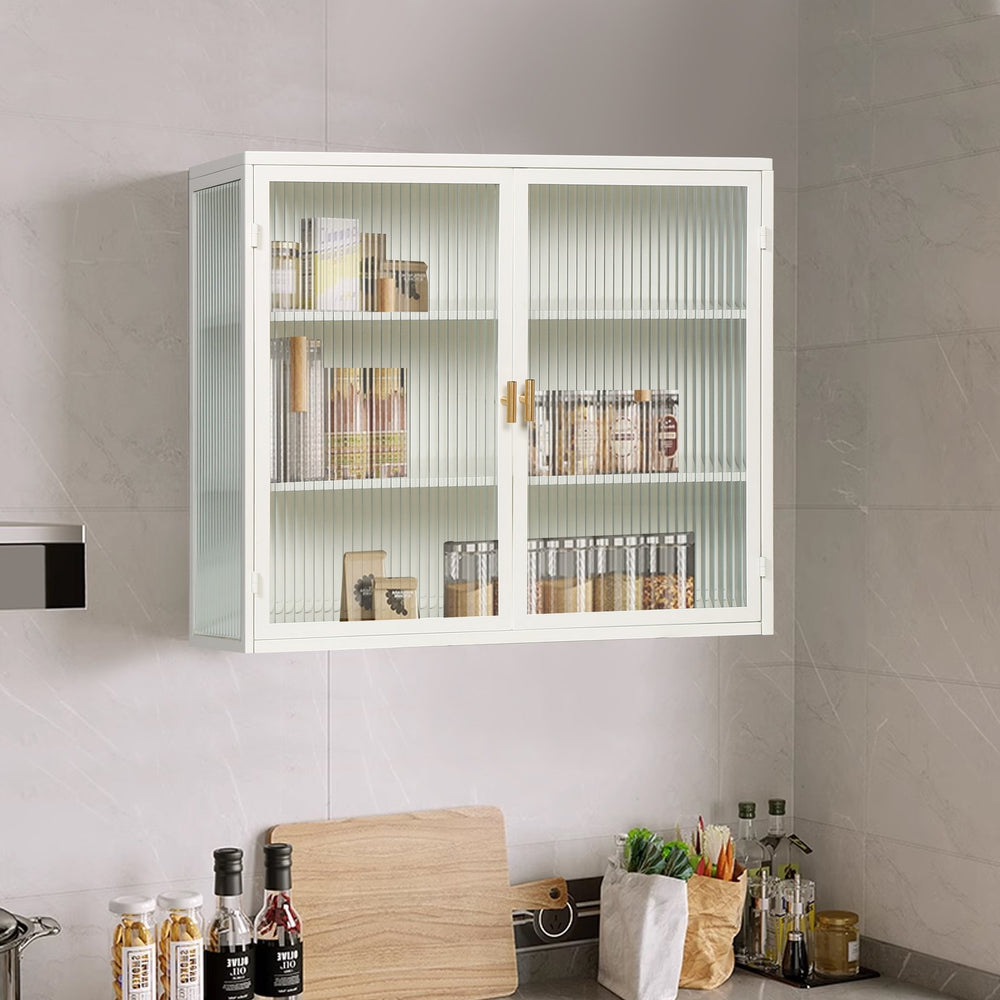 English Elm 27.56"Glass Modern Two-Door Wall Cabinet With Stylish Fluted Glass Doors For Organized Storage Solutions W757119328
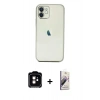 MARSİLYAN™- iPhone 11 Kılıf Vadi Minimal - Siyah Bilvis 3D Mat Cam Ekran Koruyucu + PVD Metal Kamera Lens - TU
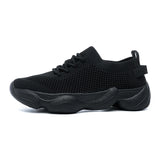 Sneakers Men's Breathable Summer Sport Shoes Mesh Running Chunky Tennis Slip on Casual Walking MartLion black 36 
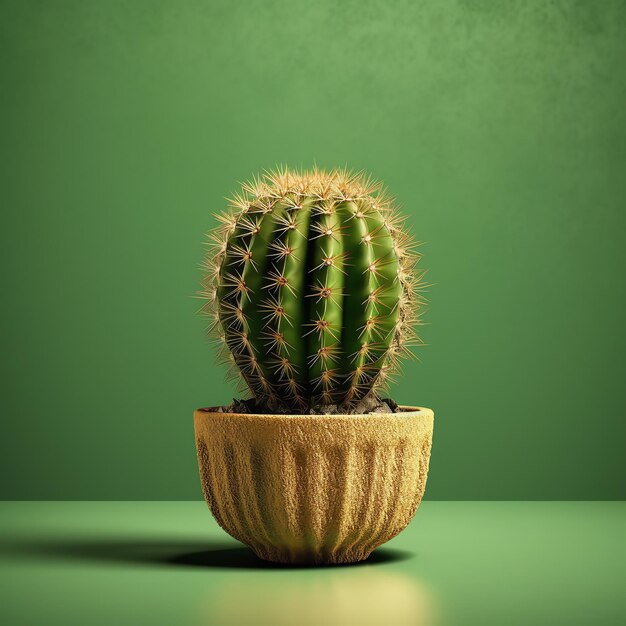 Un cactus in una pentola con uno sfondo verde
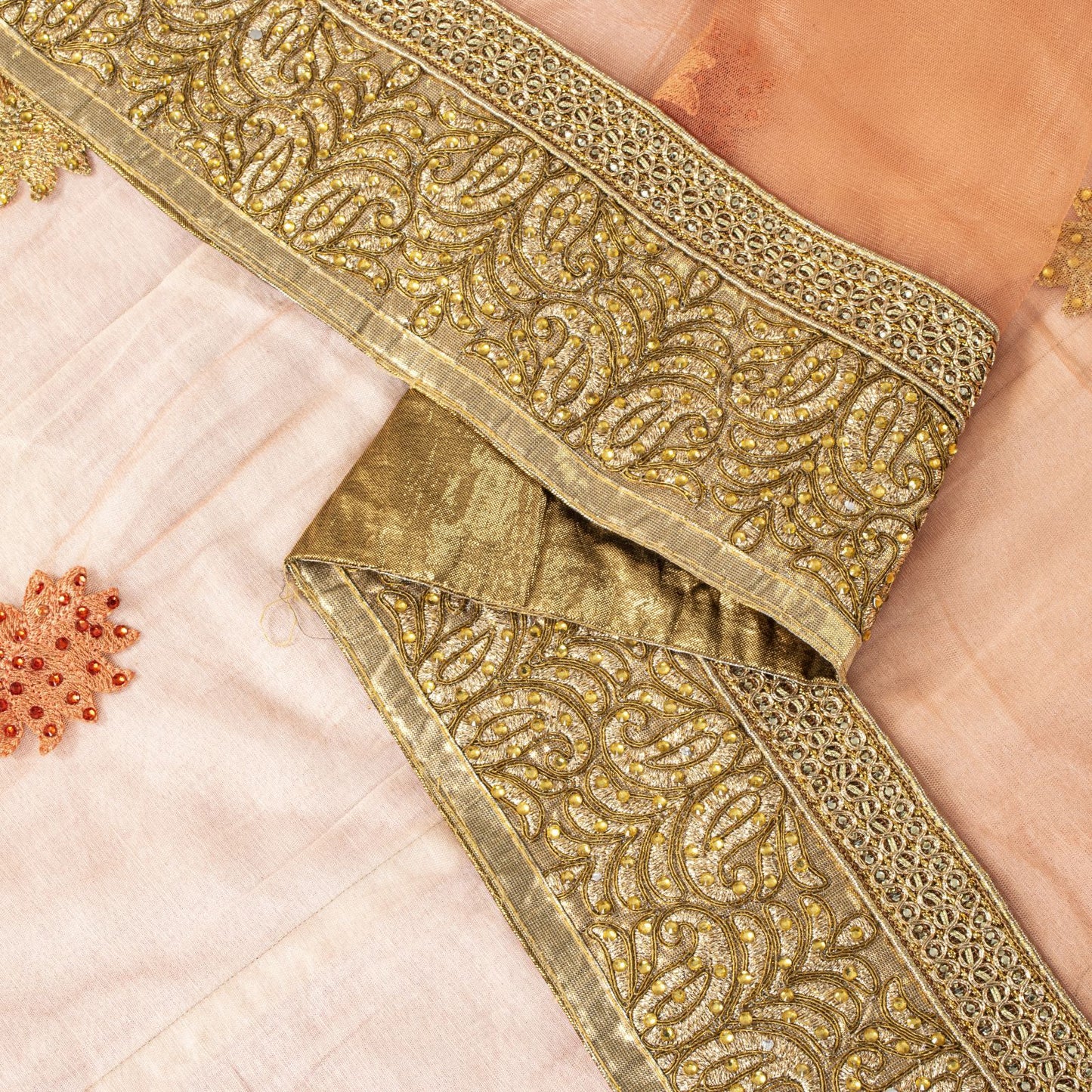 Sanskriti Vintage Peach Net Dupatta Stole Embroidered Patch Stone Neck Head Veil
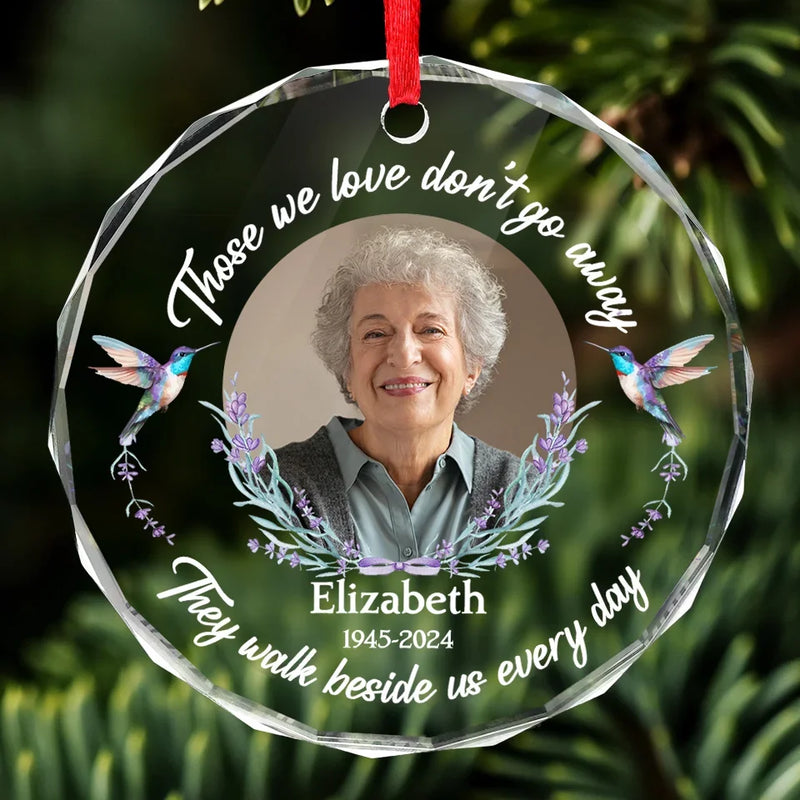 Custom Photo Love Never Leaves Us Even When They're Gone - Memorial Personalized Custom Circle Glass Ornament - Sympathy Gift, Christmas Gift For Family Members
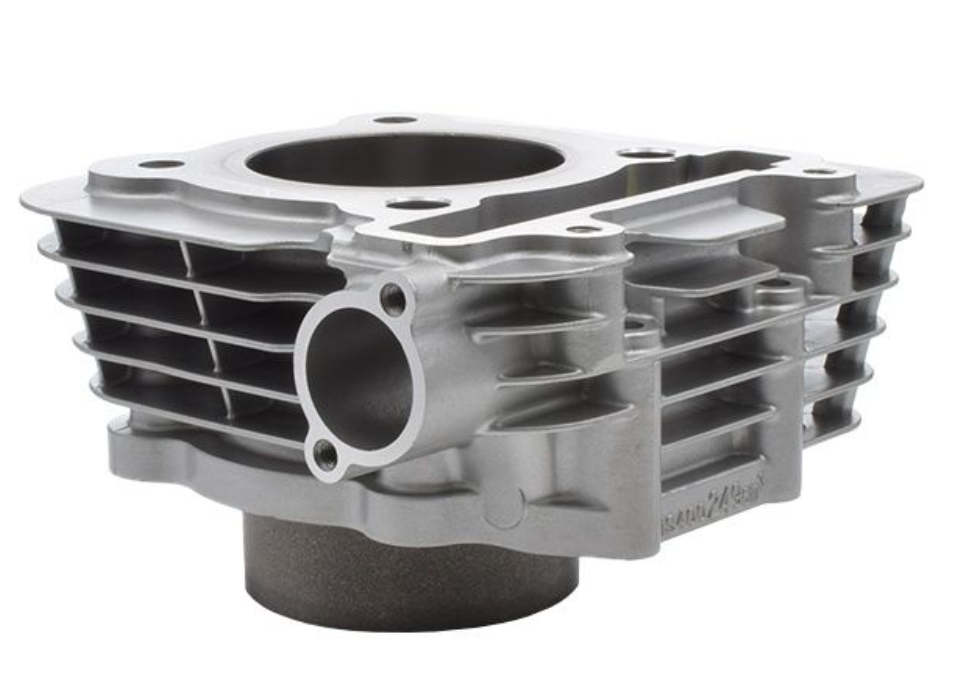 Metal engine cylinder head on a white background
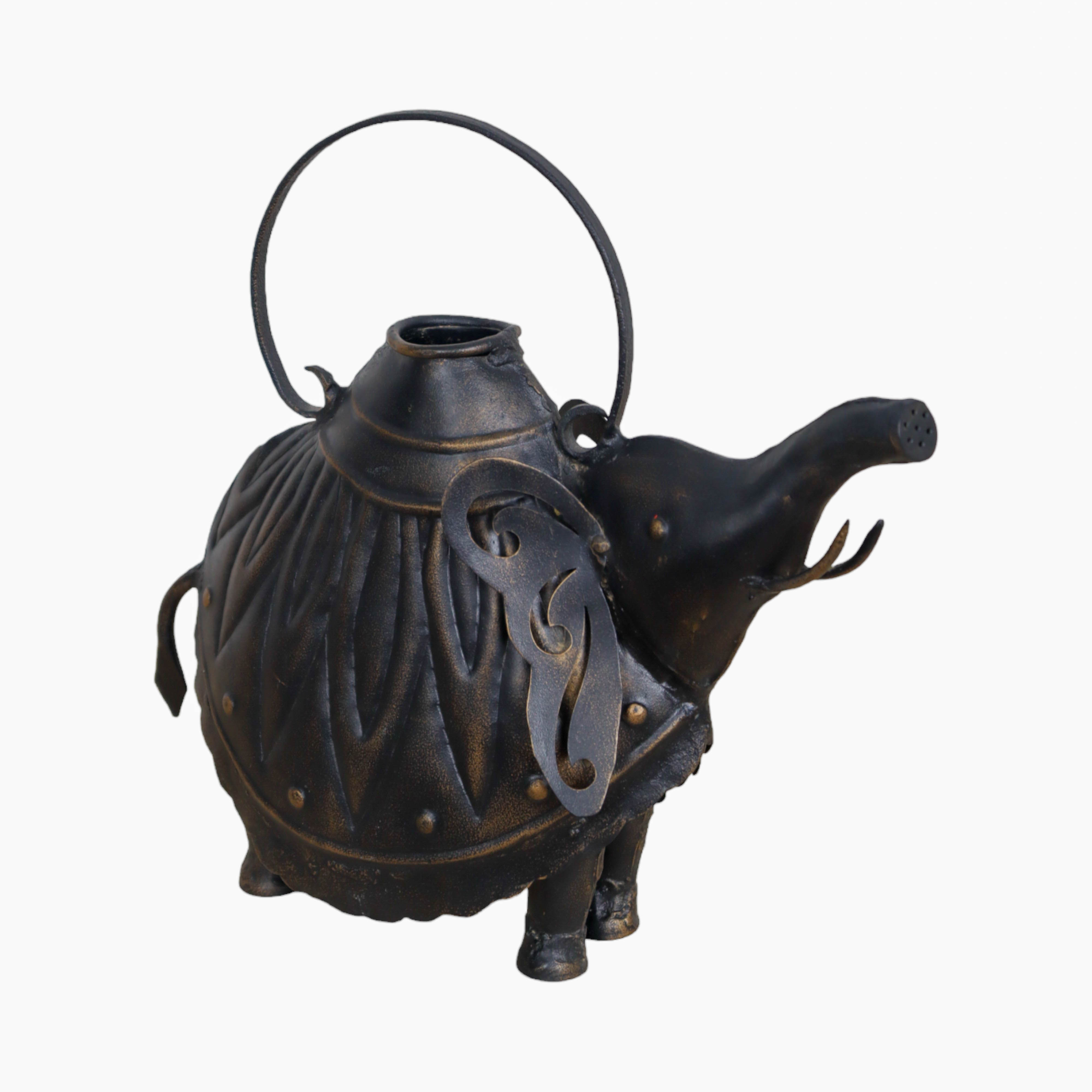 Black Metal Elephant Gardening water can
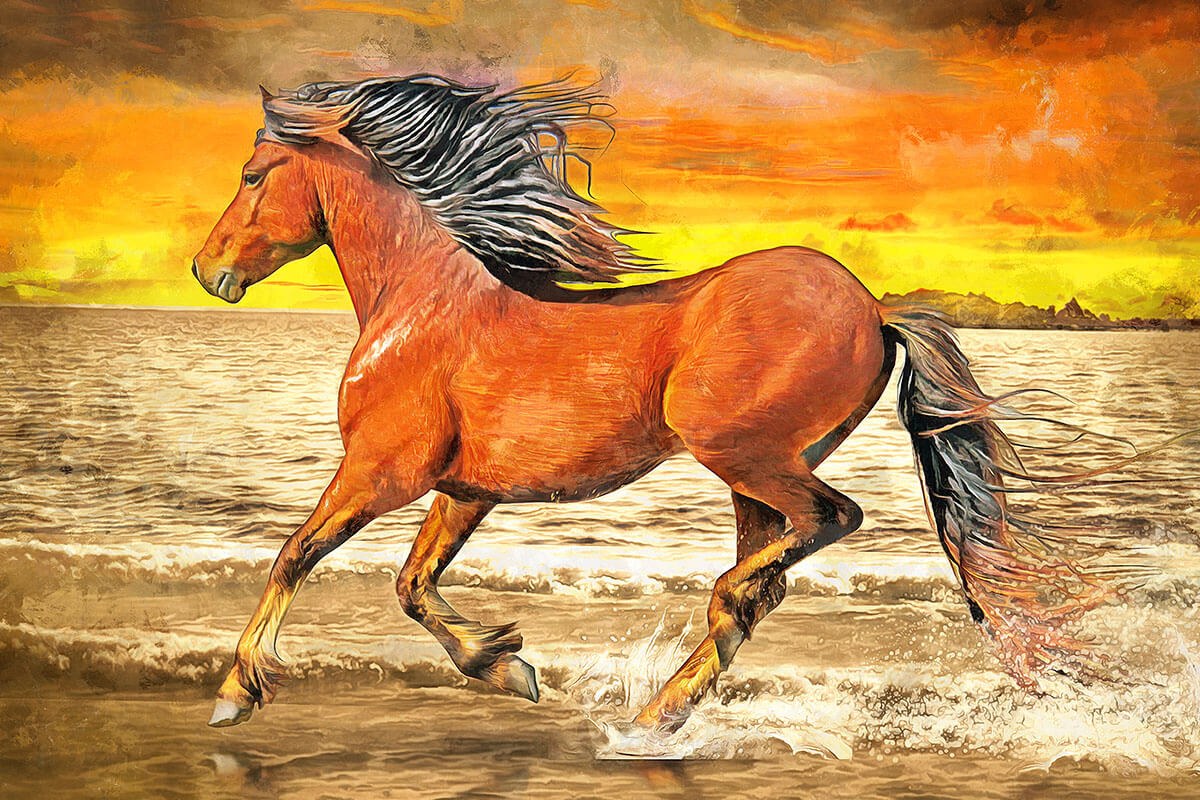 Oil painting beautiful brown horse running on water
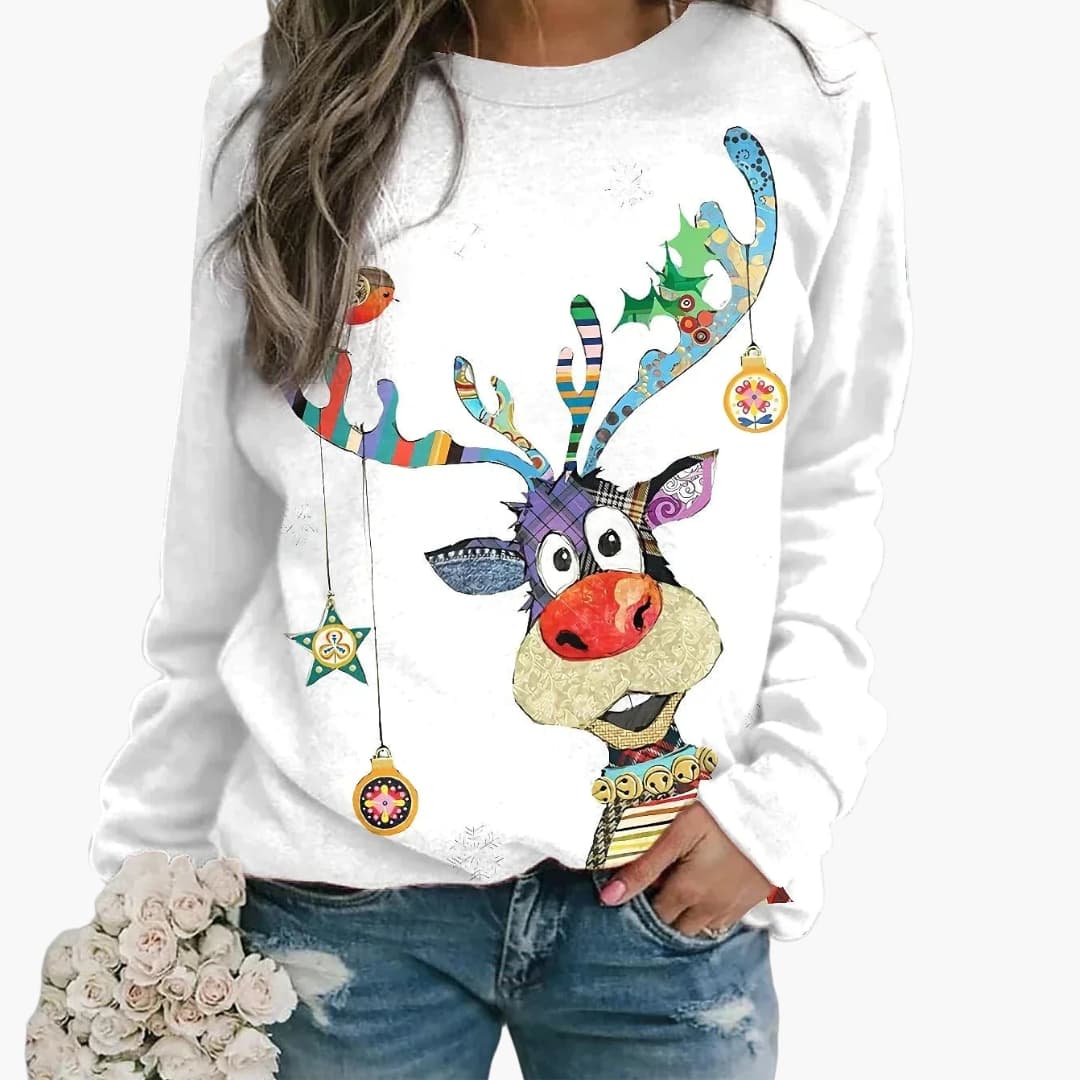 Women's Sweater with Festive Pattern and Long Sleeves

============================================================

**TASK INSTRUCTIONS:** In the listing above, find the line containing "Un cactus in" and the line containing "Custom Photo Love". Print those two lines and every line between them exactly, with no pictures.

**YOUR RESPONSE:**
 Un cactus in una pentola con uno sfondo verde
 Sanskriti Vintage Peach Net Dupatta Stole Embroidered Patch Stone Neck Head Veil
 Custom Photo Love Never Leaves Us Even When They're Gone - Memorial Personalized Custom Circle Glass Ornament - Sympathy Gift, Christmas Gift For Family Members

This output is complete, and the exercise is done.